Шайка его неистовствовала в здешних краях полвека тому назад и, судя по рассказам таких очевидцев, как Афимья, была куда многочисленнее и свирепее шайдюковской. На самый город налетали, с вооруженными жителями в открытые битвы вступали. У полковника дочку из спальни через окно выкрали, вот какие были удальцы! Эту барышню, полковничью дочку, Афимья лично знала, красавица была: глаза, как ночь, черные, коса до пят, щеки румяные. А уж голосистая — как запоет со своими сенными девушками, одну только и слышно. Тимошка ее в церкви за ранней обедней увидал и влюбился без памяти.
— Как в церкви? — дивились слушатели Афимьи. — Как же это он, разбойник, в церковь забрел?
— Ему это было нипочем. На нем заговоренный пояс был. Ему в этом поясе всюду был ход. Его и на губернаторском дворе сколько раз видели. А к архиерею так он раз в молельню проник. Стоит владыка на молитве ночью и вдруг слышит: вздыхает кто-то в уголке. Обернулся, видит — человек. «Кто ты такой? — спрашивает владыка. — И кто тебя сюда впустил?» Молчит. Жутко стало владыке; однако, сотворив про себя молитву, подошел к нему ближе, а человек-то от него, как тень, все дальше да дальше в стенку уходит и наконец совсем скрылся. Дверь заперта, окно ставней притворено, стена цела, а его нет. Тут уж владыка догадался, кто его навестил. По всем признакам — Тимошка. До тех пор пока пояс на нем был, никто изловить его не мог; ну а как выкрали у него пояс — и конец, ослаб, как младенец, хоть голыми руками его бери, и кто первый захотел, тот и порешил его. Нашли его уже мертвым во рву у Воскресенского женского монастыря. А кто свершил над ним смертную казнь — так и не узнали. Не объявился тот человек, как ни вызывали его. И на награду от царя, что было приказано ему выдать, не польстился.
Все, и народ, и власти, спокойно вздохнули, как узнали о гибели злодея. Но спокойствие длилось недолго, не прошло и двух лет, как опять начали пошаливать в том же лесу. Стали посылать туда солдат, и сами крестьяне ходили на разбойников с топорами и кольями, многих перерубили, но истребить корень зла не могли. Не успеет в одном уезде поуспокоиться, как в другом начинаются грабежи и разбои.
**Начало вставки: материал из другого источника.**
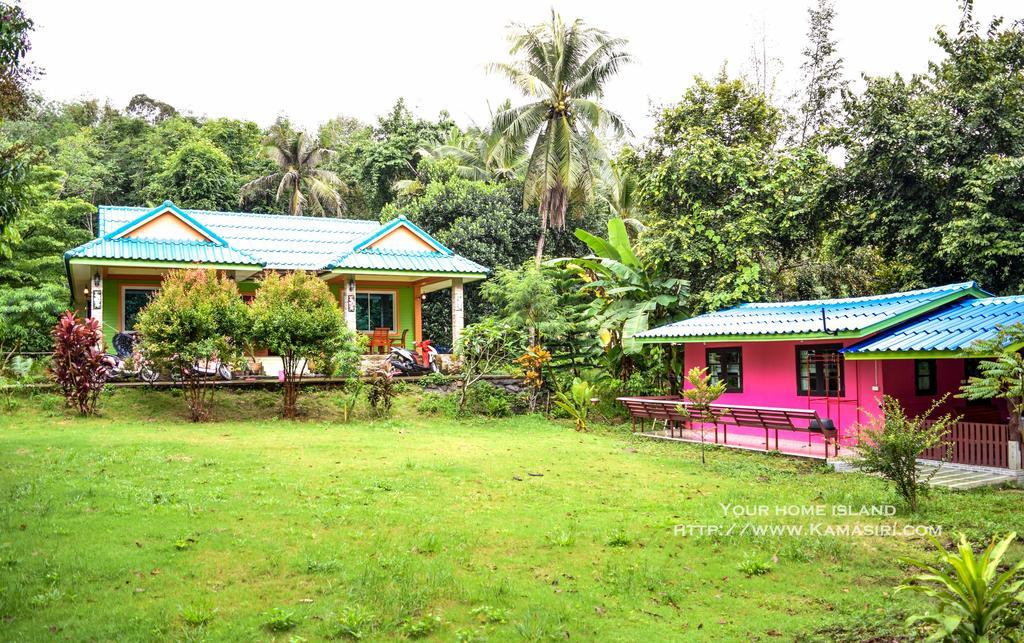 Hotel Kama Siri Koh Kood Ko Kut Zimmer foto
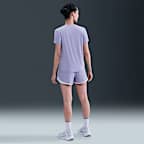 Nike One Swoosh Women's Dri-FIT Short-Sleeve Running Top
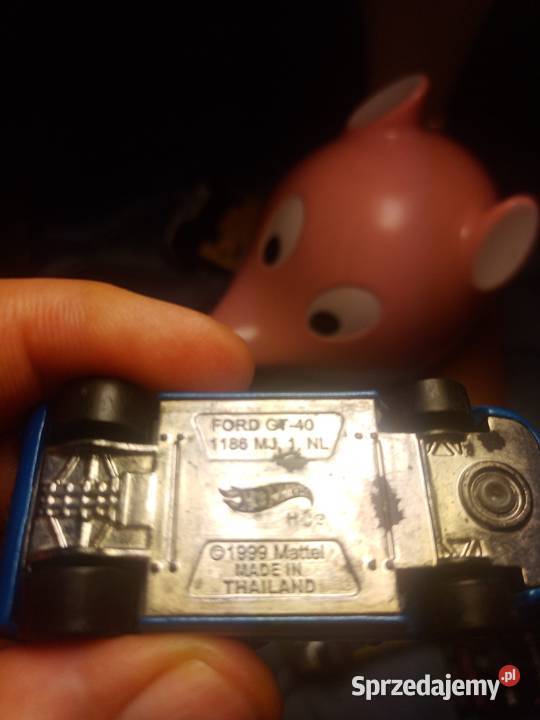 Sprzedam tanio stare samochodziki miniaturki Kielce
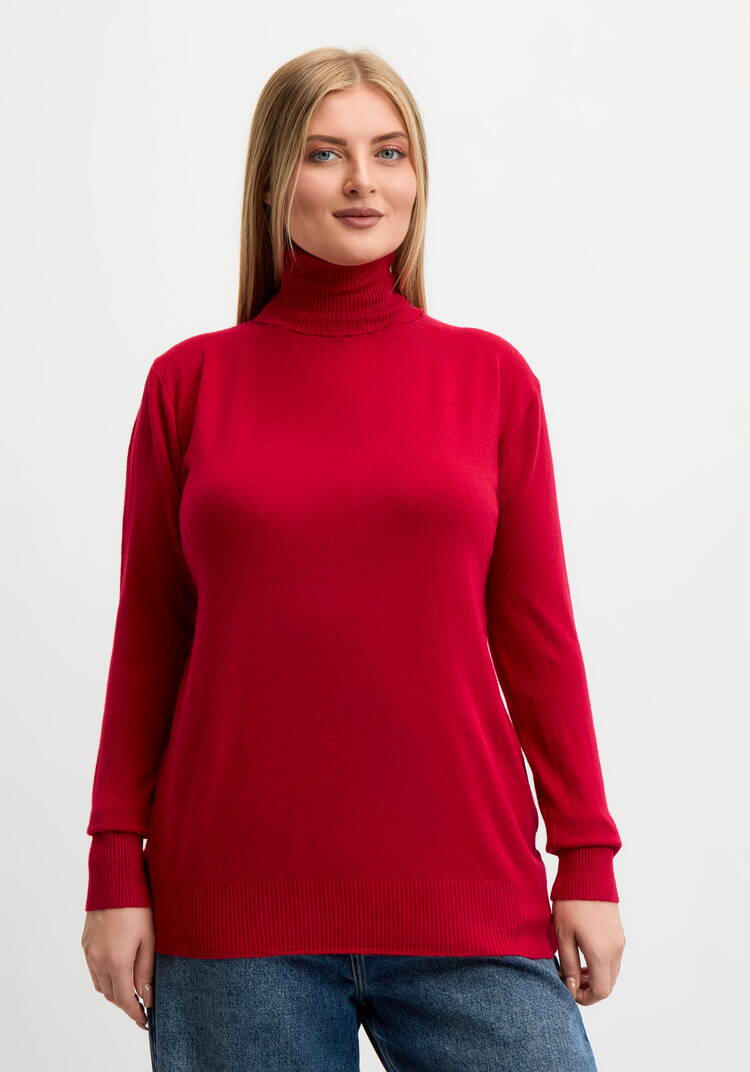 Водолазка Виталина шир.  750, рис. 22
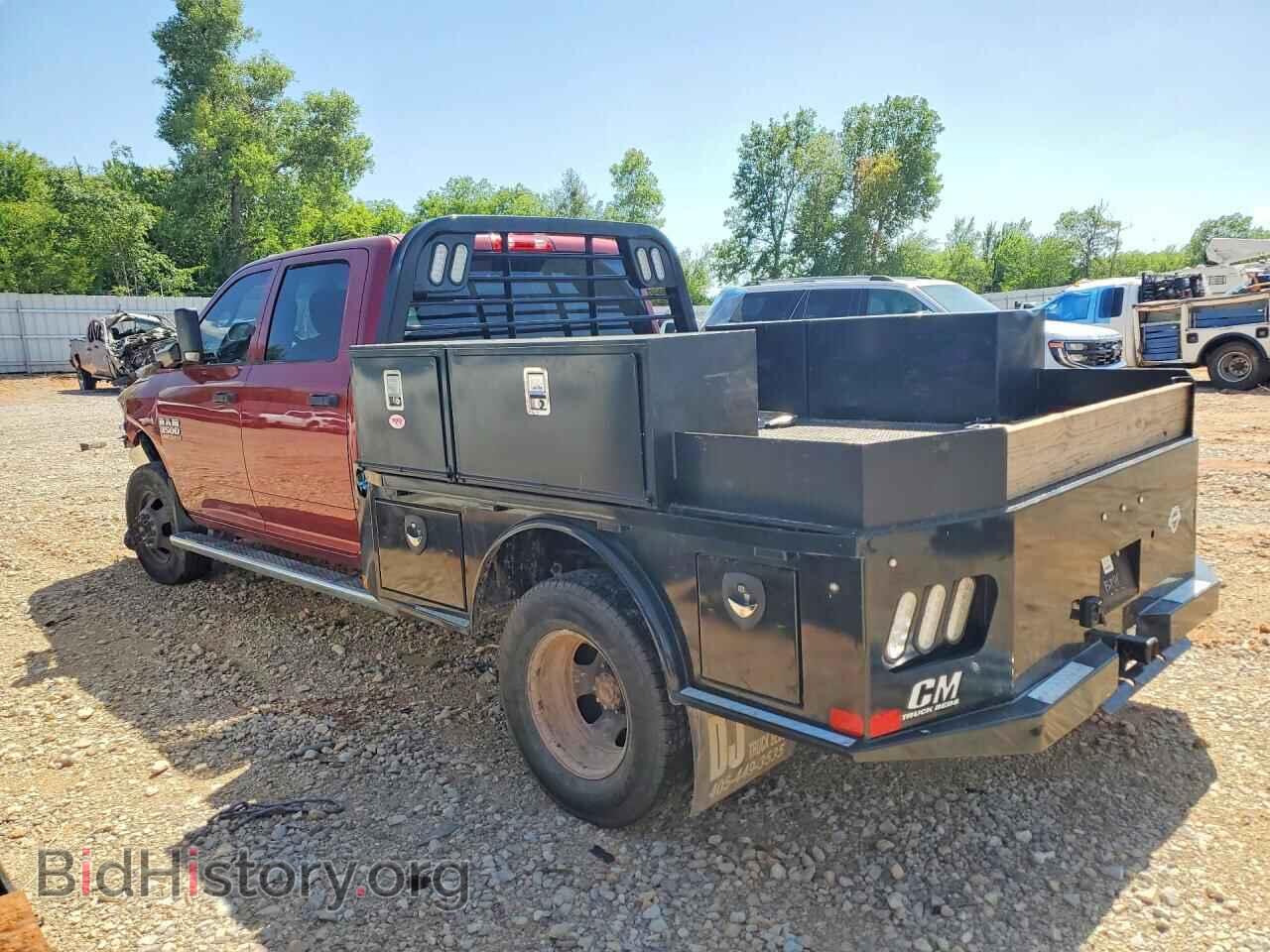 2013 RAM 3500 - VIN: 3C63RRGL1DG564479 - Photo 2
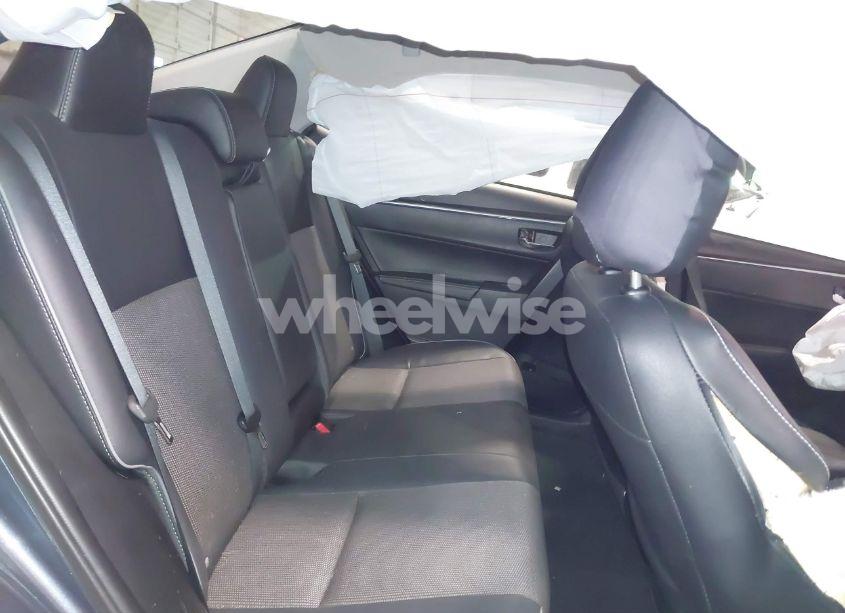 Photo 8 of 2015 Toyota Corolla S PLUS (VIN 2T1BURHE9FC278833)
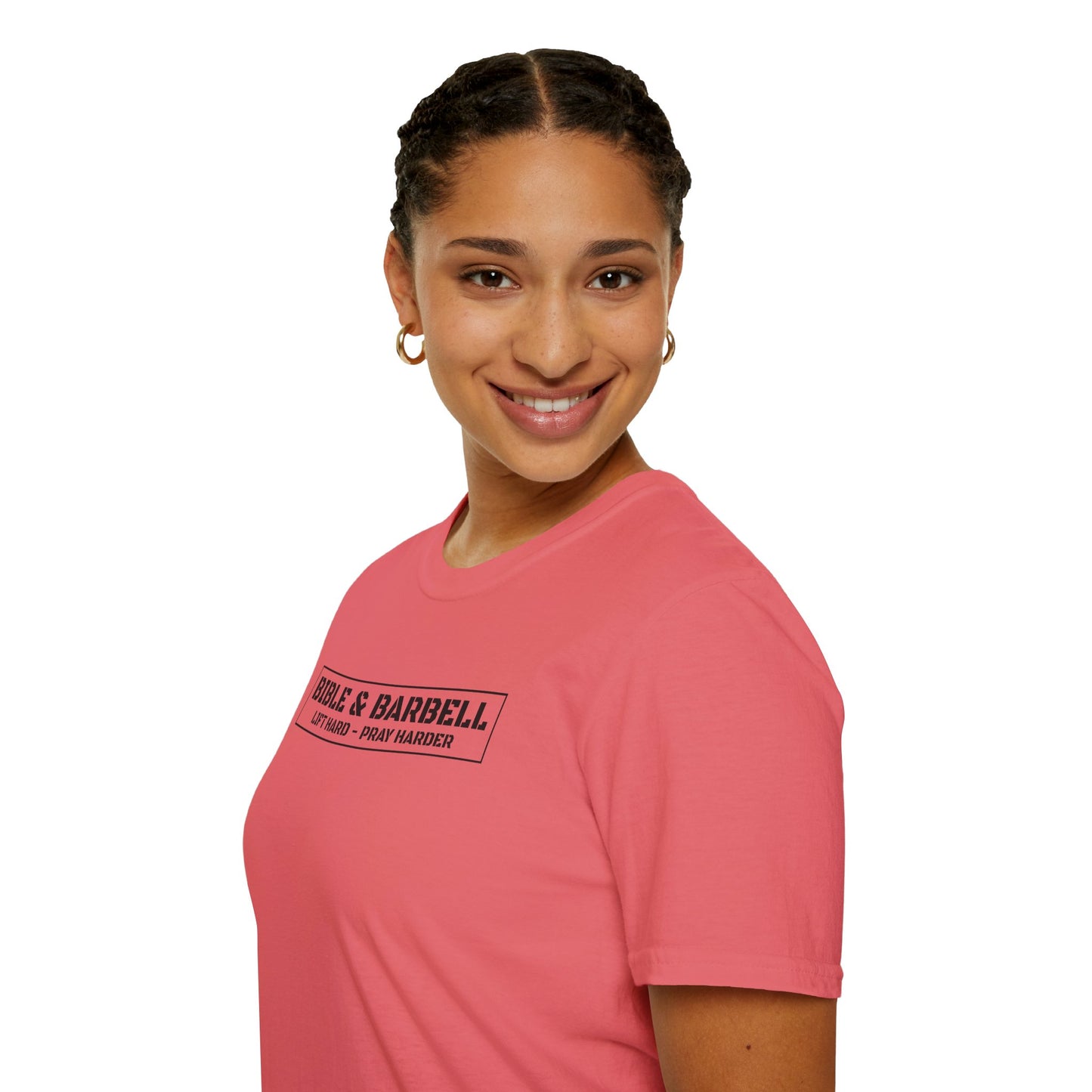 Comfort is a Curse Unisex Softstyle T-Shirt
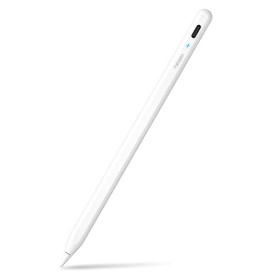 Metapen Stylet A8 Compatible avec Apple iPad 2018-2026 pour iPad 11 A16/10/9/8/7/6,Pro 3/4/5/6/M4/M5,Air 3/4/5/M2/M3/M4,Mini 5/6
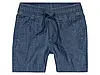 Шорти бермуди для хлопчика сірі та джинсові Lupilu 98/104см, фото 4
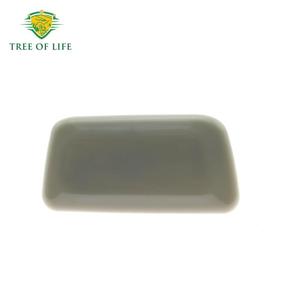 Cubierta de la boquilla del limpiaparabrisas delantero Toyota Sequin K6 85044-0C010 85045-0C010 Embellecedor de plástico para parachoques delantero - Product Image 3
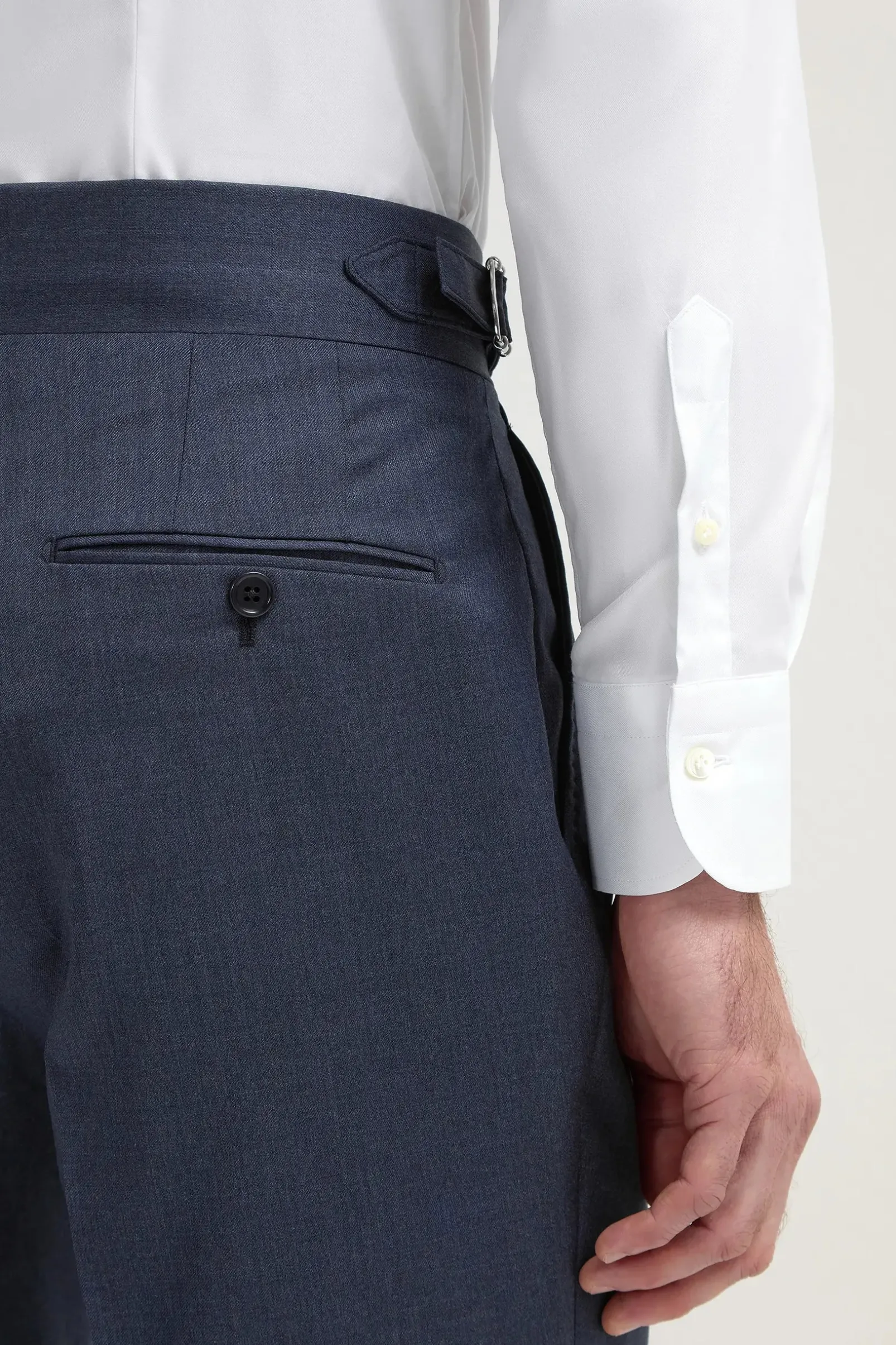 avio_blue_soragna_trouser_2.webp Avio blue Soragna trousers - Made in Italy
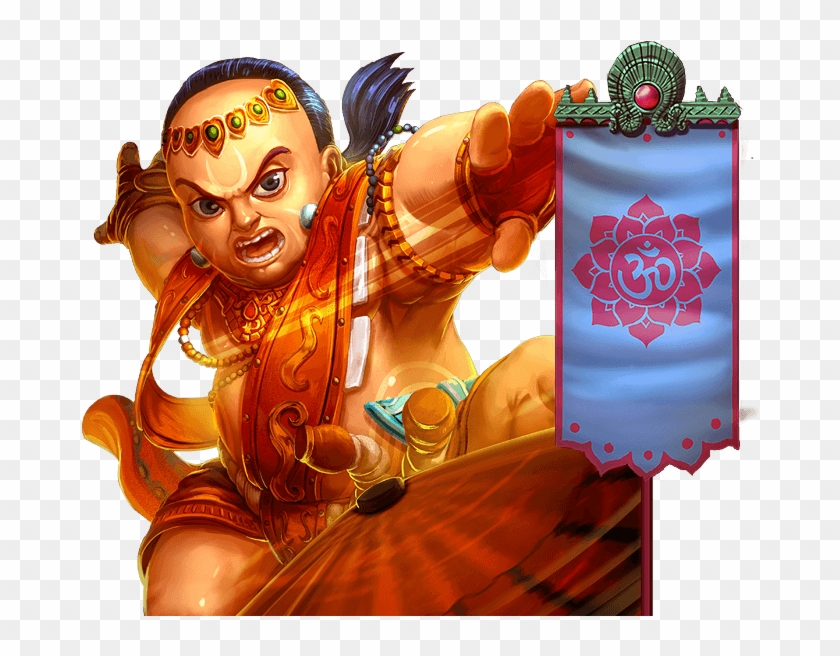 Vamana Smite Guru : Attack on vamana thank you all for the support recently...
В остроге места не хватало для пойманных злодеев, ожидавших суда и расправы. Так их было много, что они мерли в заточении от духоты и смрада.
Хорошо, что острог находился за версту от города, а то обыватели хоть вон беги от заразы. Селились близ острога самые несчастные, такие, которых из брезгливости ни в один порядочный дом даже на заднее крыльцо не впускали, большею частью нищие, калики перехожие, беглые из дальних губерний. Народ все тихий. Да ведь и то сказать, где уж им было буянить, когда прав на существование у них не было никаких. Не то что губернатору, а даже и последнему квартальному ничего не стоило разметать их на все четыре стороны со всем их жалким скарбом, с женами и детьми.